» Directions for this task
Transcribe the listing exactly, leaving out every picture.

» Given material
★ ★ ★ ★ ★ ★ ★
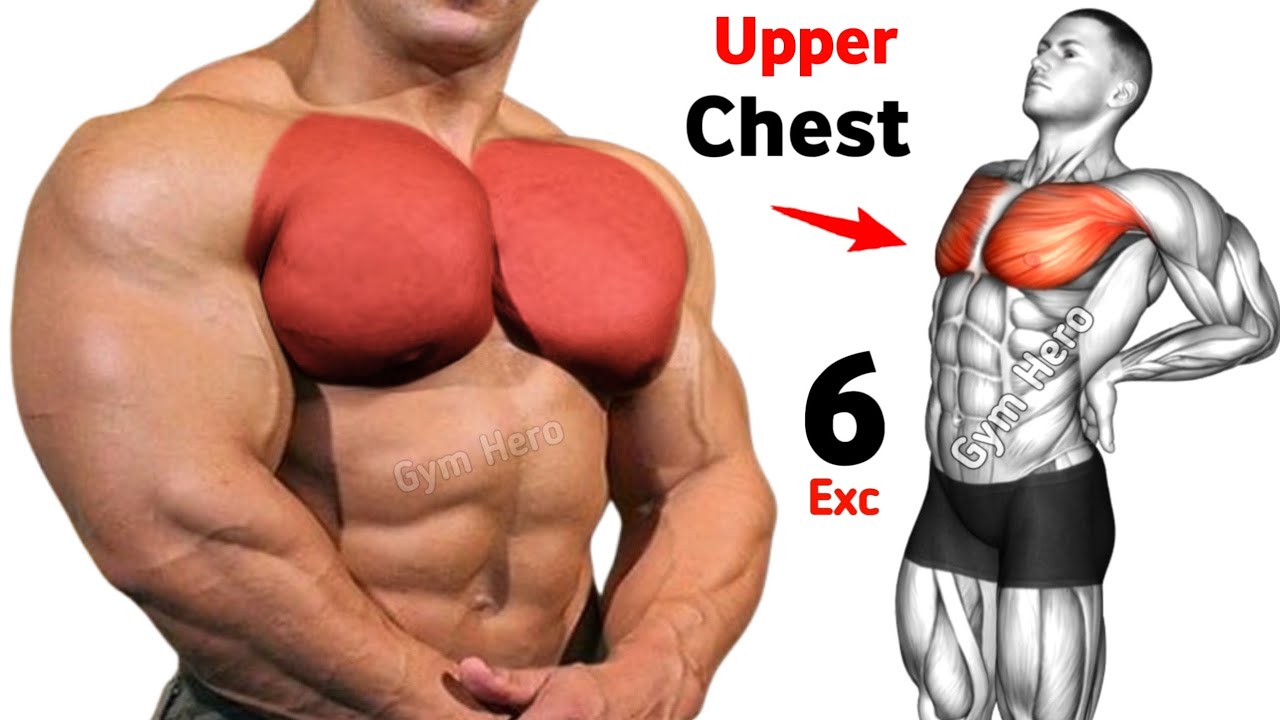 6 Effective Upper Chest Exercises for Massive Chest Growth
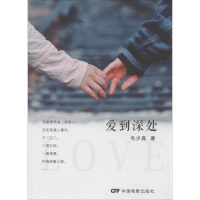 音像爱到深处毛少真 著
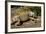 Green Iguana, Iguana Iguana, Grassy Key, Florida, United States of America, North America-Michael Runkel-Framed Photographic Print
★ ★ ★ ★ ★ ★ ★
» Solution
 6 Effective Upper Chest Exercises for Massive Chest Growth
 音像爱到深处毛少真 著
 Green Iguana, Iguana Iguana, Grassy Key, Florida, United States of America, North America-Michael Runkel-Framed Photographic Print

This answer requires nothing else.